Variance Estimation

[Martin-Lacroix]

Dear Dr.Feinberg,

I am working on polynomial chaos expansion for a very short time and I recently discovered your Python library Chaospy. I realized some expansions were not delivering the same result as for a Monte-Carlo simulation concerning the variance. A minimal working example is an equation of the type y(t) = exp(-k² t) where k is a random uniform variable in [-1,1] and t is the time.

orderBase = 5
orderQuad = 15
dist = chaospy.Uniform(-1,1)
point = numpy.random.uniform(-1,1,nbrPts)

def y(x,k):

    y = numpy.exp(-k**2*x)
    return y

point,weight = chaospy.generate_quadrature(order=orderQuad,dist=dist,rule="Gaussian")
sample = [y(x,*point) for point in point.T]

poly,norms = chaospy.orth_ttr(order=orderBase,dist=dist,sort='G',retall=True)
model = chaospy.fit_quadrature(poly,point,weight,sample)
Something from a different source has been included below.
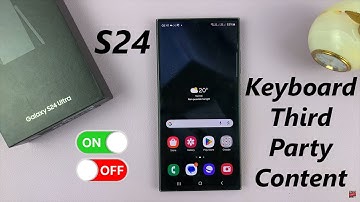 How To Enable & Disable Third Party Content To Use In Keyboard Of Samsung Galaxy S24 / S24 Ultra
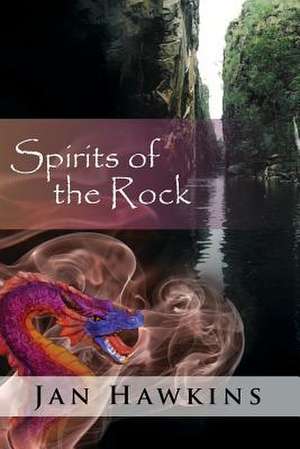 Spirits of the Rock de Jan Hawkins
mean = chaospy.E(model,dist)
var = chaospy.Var(model,dist)

I do not really understand what is it happening, some other probability distributions like Uniform[0,1] seem to work correctly.

[jonathf]

That is an excellent question. I usually don't have no answer for questions like these.

My best educated guess is that the problem you are describing happens to be a bad fit for polynomial approximation, so the polynomial and quadrature order has to be increased both to the point where the method becomes unstable. But as it work better with [0, 1], something looks like it going on.

I will not give up just yet. Will see if I can solve this.

[Martin-Lacroix]

Thank you, I figured out this problem occurs especially with more complicated function and using a gamma law (Increasing the number of polynomials in this simple example can lead to correct results before observing instabilities).

Unrelated question: May I ask you where did you find the analytical expressions of the three term recurrence coefficients used for the construction of polynomial bases in your code ? I have some difficulties in finding papers providing clear information about them.

[jonathf]

Yes, I figured out that it was problem specific, and that increasing order helps. But I am still curious as to why the convergence rate drops so much as it does for this problem.

A little bit here and there. Most of the standard TTRs are gathered from the paper "The Wiener-Askey Polynomial Chaos for Stochastic Differential Equations" by D. Xiu and G. Karniadakis.